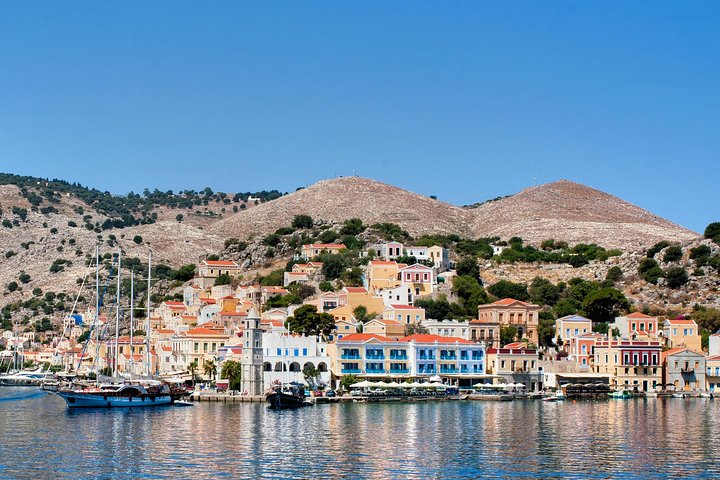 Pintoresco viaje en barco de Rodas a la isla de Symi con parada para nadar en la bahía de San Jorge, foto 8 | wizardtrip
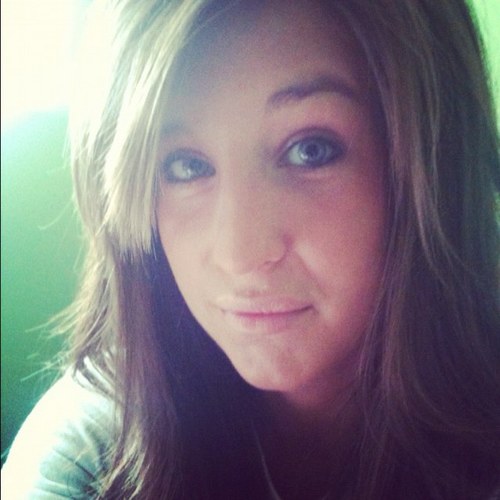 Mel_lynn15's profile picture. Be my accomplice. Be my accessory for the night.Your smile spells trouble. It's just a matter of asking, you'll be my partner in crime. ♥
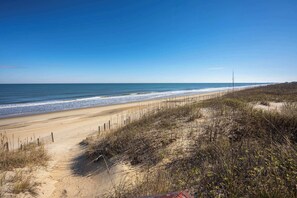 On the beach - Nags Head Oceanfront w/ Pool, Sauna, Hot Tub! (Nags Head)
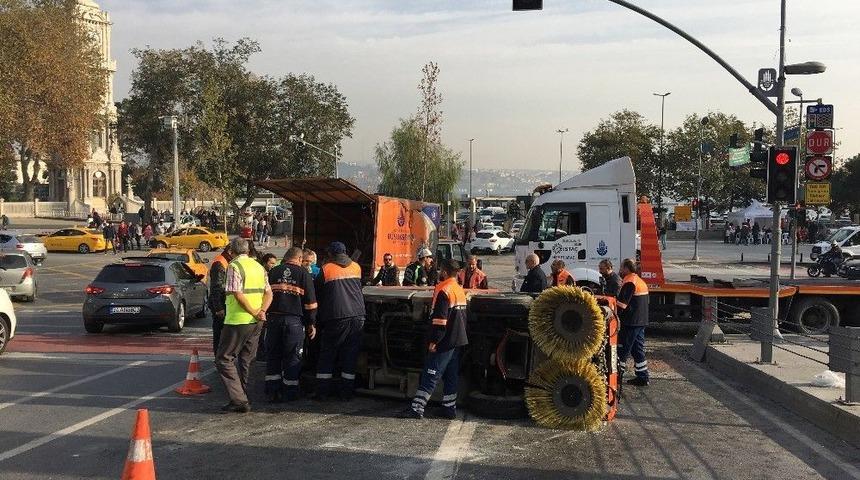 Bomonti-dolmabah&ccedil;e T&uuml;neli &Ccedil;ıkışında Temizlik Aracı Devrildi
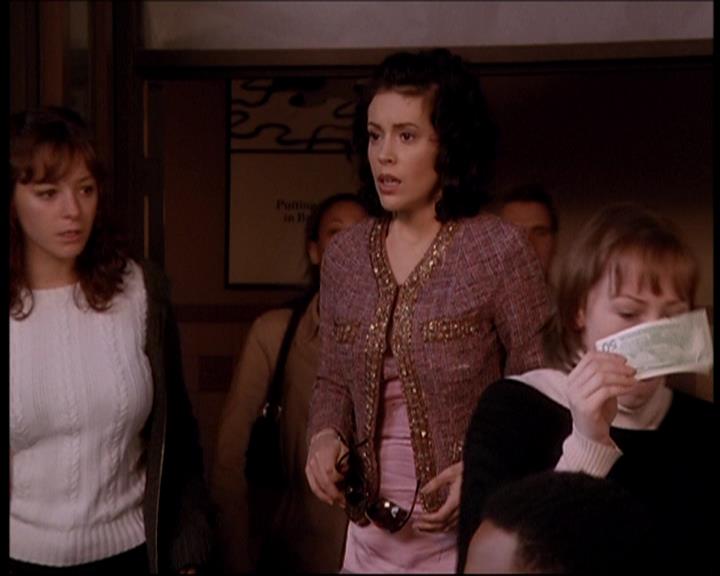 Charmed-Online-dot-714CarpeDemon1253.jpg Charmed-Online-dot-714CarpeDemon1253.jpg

● ● ● ●

__Exercise objective__
Excluding the images, return each record above precisely as written.

__Response area__
 Pintoresco viaje en barco de Rodas a la isla de Symi con parada para nadar en la bahía de San Jorge, foto 8 | wizardtrip
 Mel_lynn15's profile picture. Be my accomplice. Be my accessory for the night.Your smile spells trouble. It's just a matter of asking, you'll be my partner in crime. ♥
 On the beach - Nags Head Oceanfront w/ Pool, Sauna, Hot Tub! (Nags Head)
 Bomonti-dolmabah&ccedil;e T&uuml;neli &Ccedil;ıkışında Temizlik Aracı Devrildi
 Charmed-Online-dot-714CarpeDemon1253.jpg Charmed-Online-dot-714CarpeDemon1253.jpg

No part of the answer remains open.